I have a spotty record predicting the future.

I bought a Zip drive about a week before the first USB drive came out. And then, admiring the portability of said USB drives I bought 2 of them with 56K of memory for about $50 a pop. I have two sets of the 1987 Topps baseball cards (which includes the rookie cards for Barry Bonds and Mark McGuire) still in the original shrink-wrap. They’re worth almost exactly what I paid for them. Or rather less, considering the ravages of inflation.

(I also have a first edition of Hayduke Lives by Edward Abbey that has doubled in value. So, I’m not always dead wrong.)

So imagine my surprise to get a short missive from Bay-area fundraising consultant Gayle Roberts asking me to weigh in on the topic of “Predicting the Future of Fundraising” for the September Giving Carnival.

But like all pundits, I’ve got an opinion no matter my history of accuracy!

That said, to paraphrase Abbey’s ‘warning’ at the front of Hayduke “Anyone who takes these predictions seriously will be shot. Anyone who does not take them seriously will be buried by a Mitsubishi bulldozer.”

Here then are my bold predictions on the future of cause-related marketing.

I predict that cause-related marketing will continue to grow in North America, if modestly. How’s that for wild-eyed caution? According to IEG cause-related marketing has hovered around 10 percent of the total of all sponsorship for the last decade. I don’t see anything in the near term that leads me to believe the practice is going to significantly break out of that range.
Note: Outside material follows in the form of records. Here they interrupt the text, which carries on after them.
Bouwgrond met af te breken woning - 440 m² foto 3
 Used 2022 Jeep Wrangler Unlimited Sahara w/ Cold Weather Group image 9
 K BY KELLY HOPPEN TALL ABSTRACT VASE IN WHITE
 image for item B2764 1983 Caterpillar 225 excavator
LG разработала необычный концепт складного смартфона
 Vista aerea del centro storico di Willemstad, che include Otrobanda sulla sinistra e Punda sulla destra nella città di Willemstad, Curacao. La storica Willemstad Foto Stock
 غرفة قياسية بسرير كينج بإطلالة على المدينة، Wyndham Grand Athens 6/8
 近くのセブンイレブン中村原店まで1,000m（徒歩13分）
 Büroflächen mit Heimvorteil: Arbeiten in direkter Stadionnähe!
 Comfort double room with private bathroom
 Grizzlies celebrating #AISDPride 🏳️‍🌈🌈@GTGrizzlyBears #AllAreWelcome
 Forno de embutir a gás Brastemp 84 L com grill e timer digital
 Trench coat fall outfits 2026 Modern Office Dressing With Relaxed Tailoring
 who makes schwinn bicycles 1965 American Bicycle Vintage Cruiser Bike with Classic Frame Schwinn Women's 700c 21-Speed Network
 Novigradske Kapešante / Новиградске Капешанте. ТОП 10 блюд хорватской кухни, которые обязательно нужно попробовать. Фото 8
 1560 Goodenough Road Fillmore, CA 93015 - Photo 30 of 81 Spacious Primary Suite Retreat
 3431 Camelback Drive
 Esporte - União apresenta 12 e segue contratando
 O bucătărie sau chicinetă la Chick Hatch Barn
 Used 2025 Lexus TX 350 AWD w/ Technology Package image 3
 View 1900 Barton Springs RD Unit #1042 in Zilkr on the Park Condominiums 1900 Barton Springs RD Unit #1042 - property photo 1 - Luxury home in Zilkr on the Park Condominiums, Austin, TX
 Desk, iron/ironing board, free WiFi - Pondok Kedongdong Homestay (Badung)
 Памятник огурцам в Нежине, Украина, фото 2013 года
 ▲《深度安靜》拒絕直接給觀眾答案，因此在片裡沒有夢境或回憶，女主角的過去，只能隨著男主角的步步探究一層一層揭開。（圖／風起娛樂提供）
I predict eco cause marketing will become commonplace. There’s already some going on in North America. But cause-related marketing with an environmental theme remains more common in Europe than in Canada and the United States. That’s because the Europeans are about 18 months ahead of us on the issue. That said, most of the environmental cause-related marketing I see right now is complicated. Silk Soy recently used an old-school turn in a cap campaign. But instead of generating money, each cap represented wind power offsets. It took their whole website to explain it. Eco cause marketing will need to get simpler in order for it to really grow. Either that or main-street Americans are going to have to acquire a more sophisticated understanding of the ends and outs of carbon credits. I know which eventuality I’m betting on.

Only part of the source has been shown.